→ Aim of the exercise: For the entries below, repeat exactly each line starting with the one that contains "Hello students. In" and going on through the one that contains "If it's a point", and no others.

----- Supplied records -----

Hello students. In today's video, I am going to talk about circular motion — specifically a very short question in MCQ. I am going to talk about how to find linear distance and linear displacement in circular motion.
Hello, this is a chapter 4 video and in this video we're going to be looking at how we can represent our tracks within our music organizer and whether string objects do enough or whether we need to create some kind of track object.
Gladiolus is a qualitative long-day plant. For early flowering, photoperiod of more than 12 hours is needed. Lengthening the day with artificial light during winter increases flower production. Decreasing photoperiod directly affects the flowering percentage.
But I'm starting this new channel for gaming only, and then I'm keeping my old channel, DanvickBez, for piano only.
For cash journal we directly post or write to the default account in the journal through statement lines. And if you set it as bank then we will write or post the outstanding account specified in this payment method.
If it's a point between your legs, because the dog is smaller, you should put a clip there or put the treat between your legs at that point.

-----
----- Supplied records -----

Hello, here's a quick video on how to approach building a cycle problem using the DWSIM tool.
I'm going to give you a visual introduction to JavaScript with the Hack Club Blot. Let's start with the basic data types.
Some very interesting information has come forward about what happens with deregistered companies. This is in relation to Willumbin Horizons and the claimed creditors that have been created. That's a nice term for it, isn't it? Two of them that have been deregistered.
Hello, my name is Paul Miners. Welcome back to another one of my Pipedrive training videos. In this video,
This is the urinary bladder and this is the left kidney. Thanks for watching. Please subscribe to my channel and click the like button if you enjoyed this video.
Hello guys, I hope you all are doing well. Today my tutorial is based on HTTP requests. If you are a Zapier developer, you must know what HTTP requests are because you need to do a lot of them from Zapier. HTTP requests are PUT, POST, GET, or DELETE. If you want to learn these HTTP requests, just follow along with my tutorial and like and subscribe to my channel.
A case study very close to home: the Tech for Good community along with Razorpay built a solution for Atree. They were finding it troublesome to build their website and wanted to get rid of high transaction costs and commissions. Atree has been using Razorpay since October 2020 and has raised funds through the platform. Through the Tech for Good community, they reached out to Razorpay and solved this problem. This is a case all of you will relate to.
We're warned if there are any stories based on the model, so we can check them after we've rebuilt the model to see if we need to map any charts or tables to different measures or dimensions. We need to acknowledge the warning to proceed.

-----

→ Output of the task:
Hello students. In today's video, I am going to talk about circular motion — specifically a very short question in MCQ. I am going to talk about how to find linear distance and linear displacement in circular motion.
Hello, this is a chapter 4 video and in this video we're going to be looking at how we can represent our tracks within our music organizer and whether string objects do enough or whether we need to create some kind of track object.
Gladiolus is a qualitative long-day plant. For early flowering, photoperiod of more than 12 hours is needed. Lengthening the day with artificial light during winter increases flower production. Decreasing photoperiod directly affects the flowering percentage.
But I'm starting this new channel for gaming only, and then I'm keeping my old channel, DanvickBez, for piano only.
For cash journal we directly post or write to the default account in the journal through statement lines. And if you set it as bank then we will write or post the outstanding account specified in this payment method.
If it's a point between your legs, because the dog is smaller, you should put a clip there or put the treat between your legs at that point.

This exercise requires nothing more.